Furthermore it's not just about the software developed, an enterprise network is a complex environment, the software updates must be properly planned and sysadmins must know what they are dealing with.

FDIV/FaceTime

Way back then, a prof told Intel about flaky FDIV; he was ignored until the web exploded. Not a security issue.

A few weeks ago, a mother told Apple about flaky FaceTime (her son hit the problem); she was ignored ("go pay for a developer license 1st") until the web exploded. Very much a security issue.

A very different perspective, perhaps....

Professor Uht is no dummy, but...is very, very much a HW guy. I think that might color his attitudes towards vulnerability reporting, in terms of how and how quickly remediation might be possible or effective.
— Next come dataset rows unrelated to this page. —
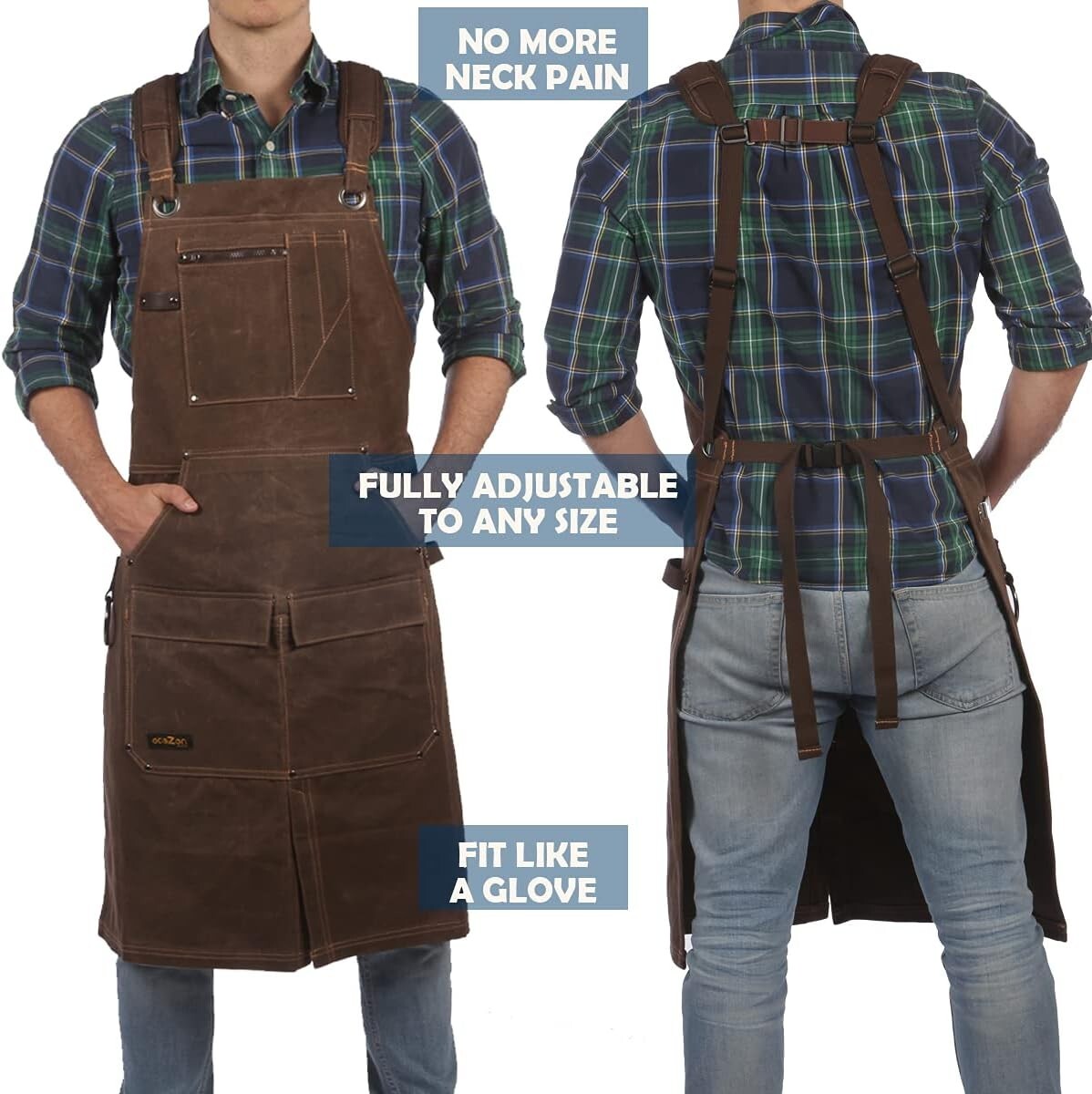 Extra Long Fully Adjustable Waxed Canvas Shop Apron with 6 Pockets for Comfort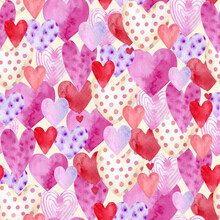 Seamless Pattern With Multicolored Hearts, Watercolor Illustration Hand Painted On White Background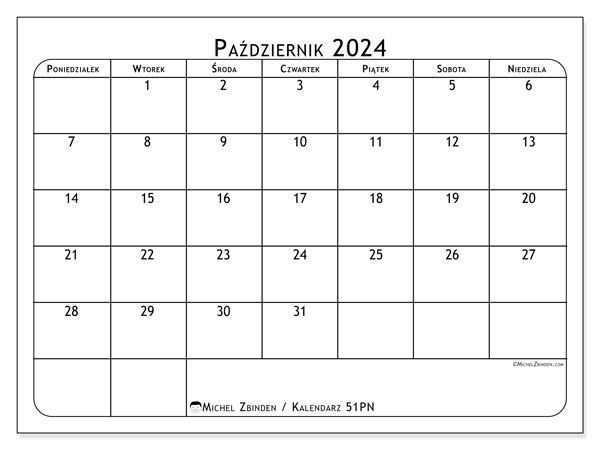 Kalendarz październik 2024 “51”. Darmowy plan do druku.. Od poniedziałku do niedzieli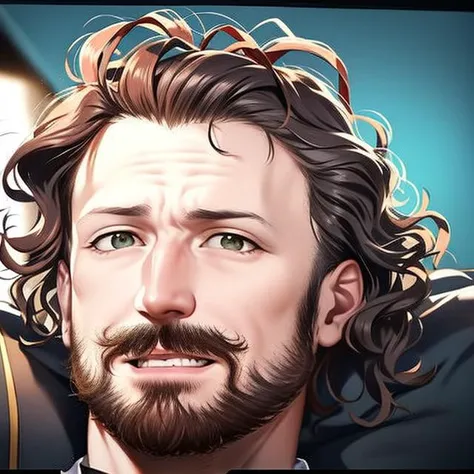 photograph of (NikoPueringer:0.99) a man with short brown curled hair, solo, 1boy, (with a beard and facial hair:1.1), detailed face, open mouth, (with a surprised look on his face:1.1), high quality, 8k uhd, leica 50mm, art by Tomioka Jirou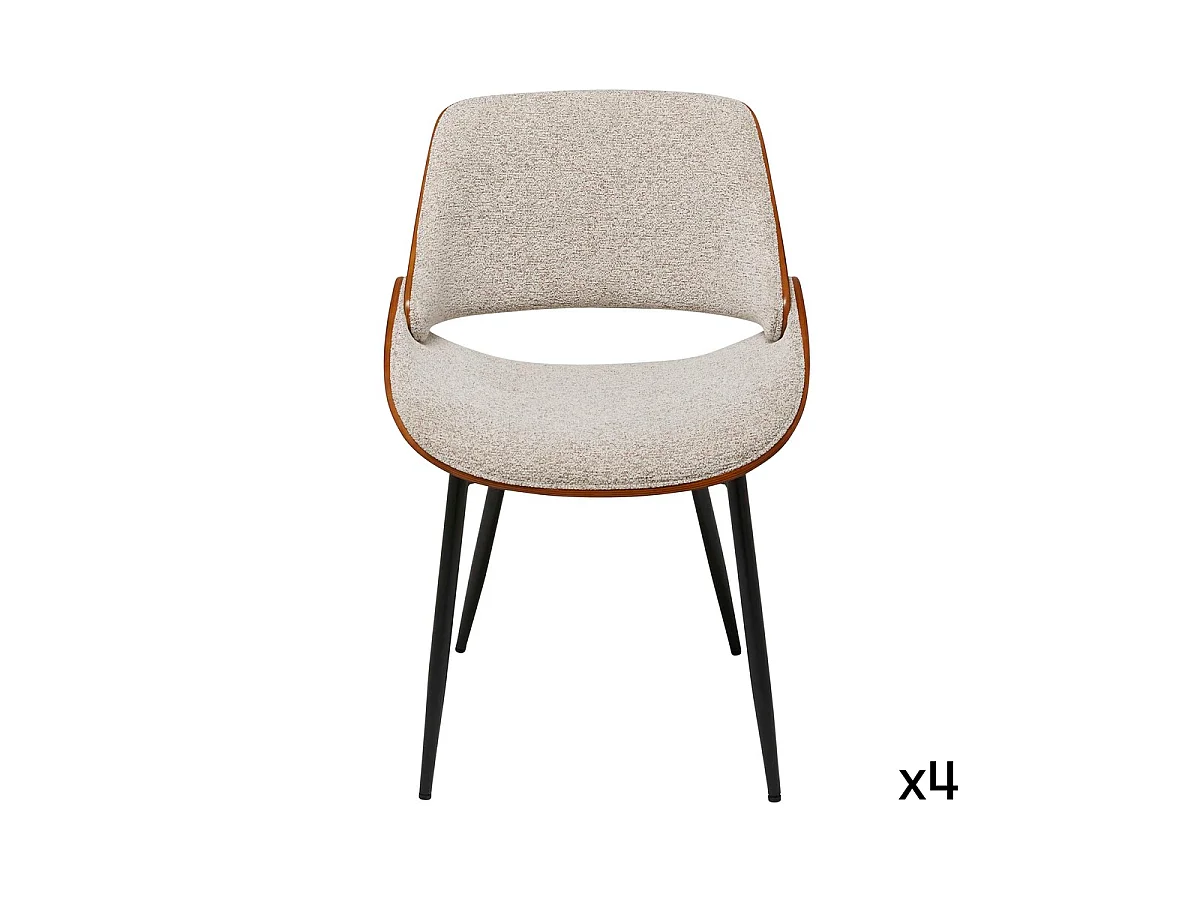 Zestaw 4 krzeseł z drewna orzechowego i beżowej tkaniny L56 cm - MANNIX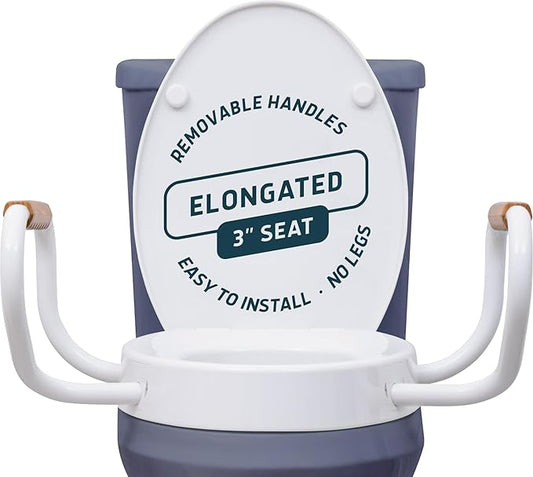 Lunderg Raised Toilet Seat with Handles - Elongated - Easy to Install Toilet Seat Risers for Seniors - Adds 3 Inches & Works like the one you’ve always used - Elegant design - No Hospital Vibe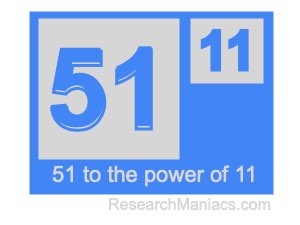 51 to the power of 11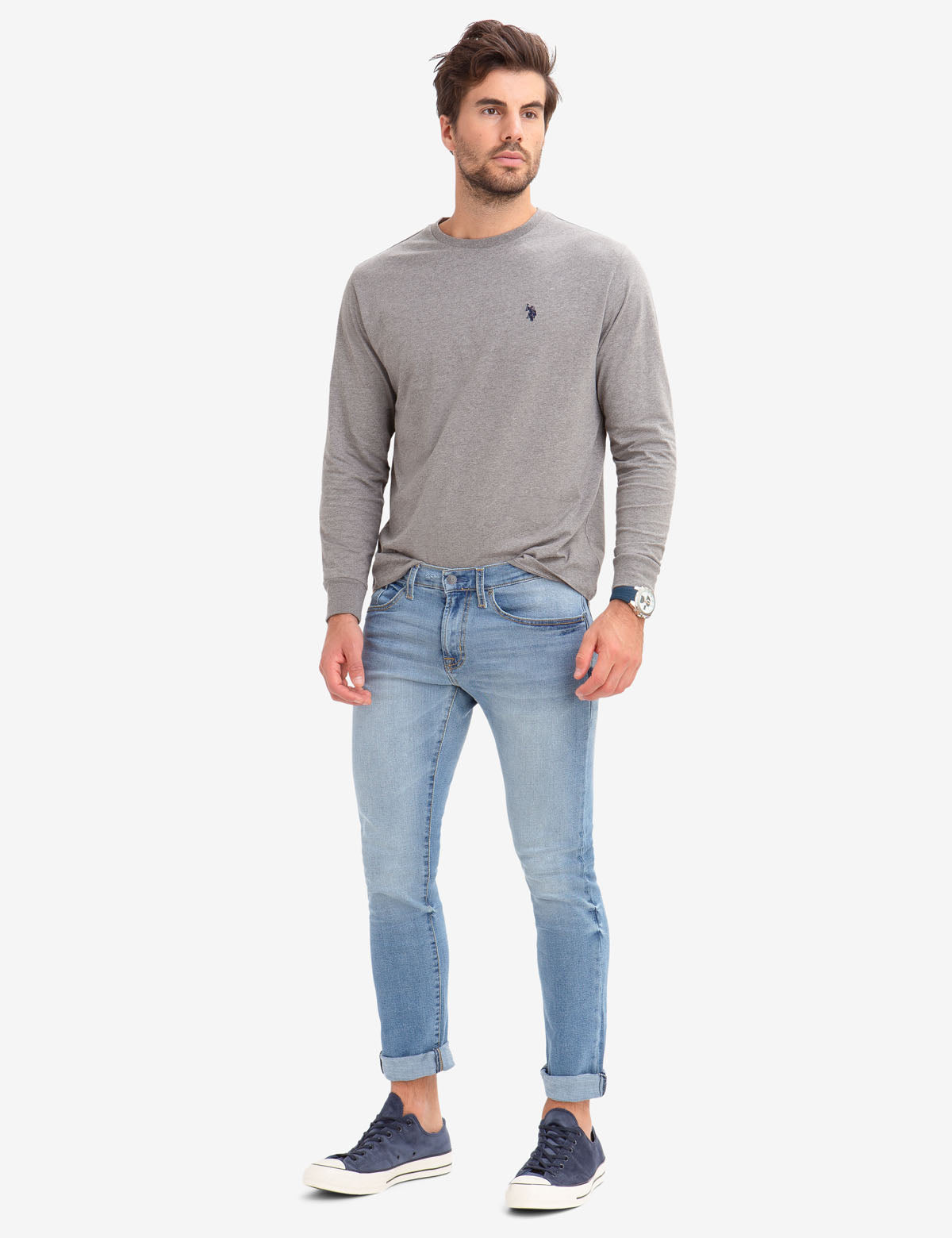 Men's Long Sleeve Solid Color T-Shirt - Casual Basic Tee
No

"Dr. Uht has been on journal editorial boards, including the Journal of Instruction-Level Parallelism. He was Co-General Chair and Program Chair of the Boston Area Architecture Workshop (BARC-2006). Prof. Uht has served on several program committees and NSF review panels. He has contributed to many publications, including: COMPUTER magazine, IEEE Micro magazine, IEEE Transactions on Computers, IEEE Transactions on Parallel and Distributed Systems, and various conference and symposia proceedings. In 2001 and 2005 Prof. Uht was recognized for “Outstanding Contributions to Intellectual Property” by URI. He holds eight U.S. Patents and has one patent application filed; these are all in computer architecture, especially instruction-level parallelism and better-than-worst-case design. Dr. Uht is the recipient of the URI 1998 Aurelio Lucci Faculty Excellence Award in Electrical Engineering. Prof. Uht worked for four years at IBM on mainframe main- and extended- memory development. He also worked at the Laboratory of Nuclear Studies at Cornell University. He is a licensed Professional Engineer (P.E.) in the states of New York, Pennsylvania and Rhode Island. Dr. Uht was the College of Engineering representative of the local chapter of the Sigma Xi science honor society, and is also a member of the Eta Kappa Nu electrical engineering honor society, the IEEE (Senior Member), and the ACM."